## Work request
Set down the whole listing below exactly, without pictures.

## Data shown
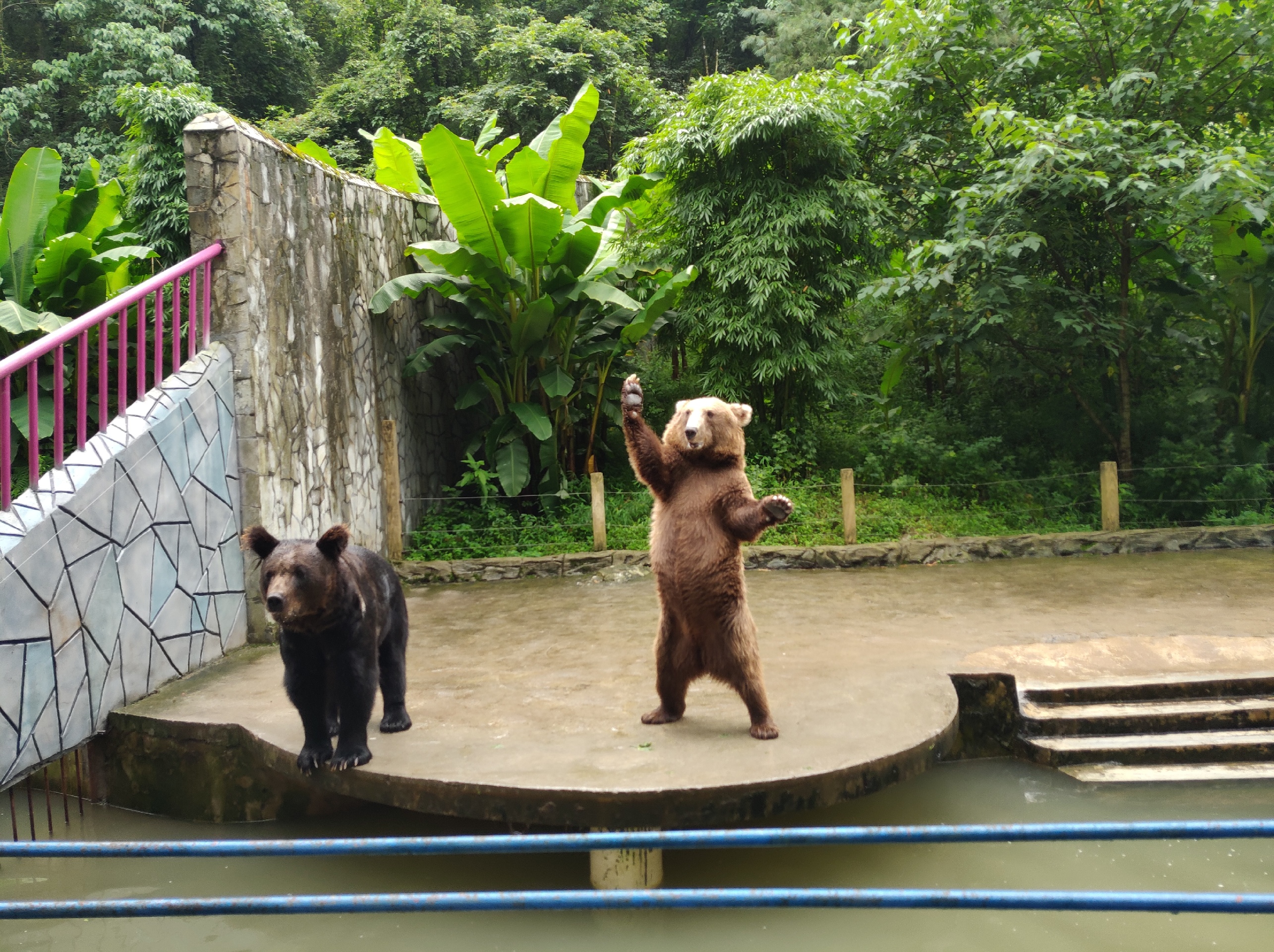 去朋友工作的地方旅行_贵州森林野生动物园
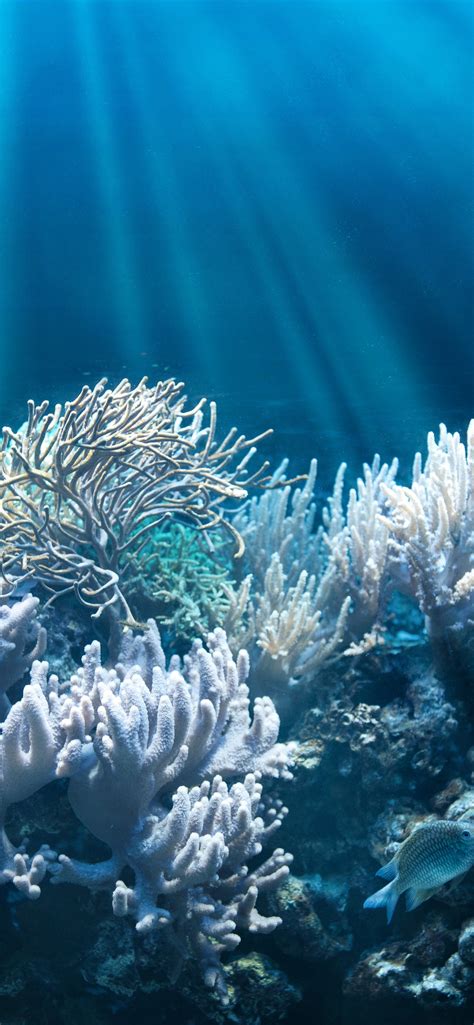 Meer Korallen Unterwasser Fische Lichtstrahlen 3840x2160 Uhd 4k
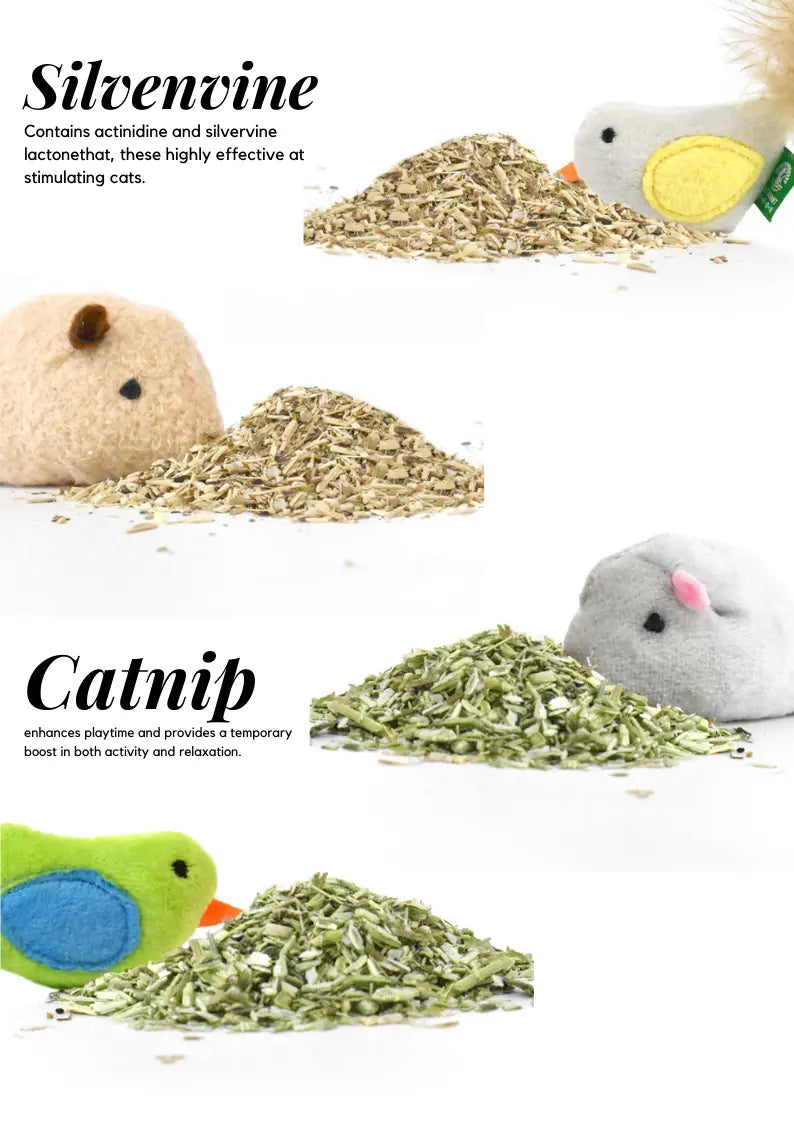 Catnip/Silvervine Small Pet Toys CATWANT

## Task result
 去朋友工作的地方旅行_贵州森林野生动物园
 Meer Korallen Unterwasser Fische Lichtstrahlen 3840x2160 Uhd 4k
 Catnip/Silvervine Small Pet Toys CATWANT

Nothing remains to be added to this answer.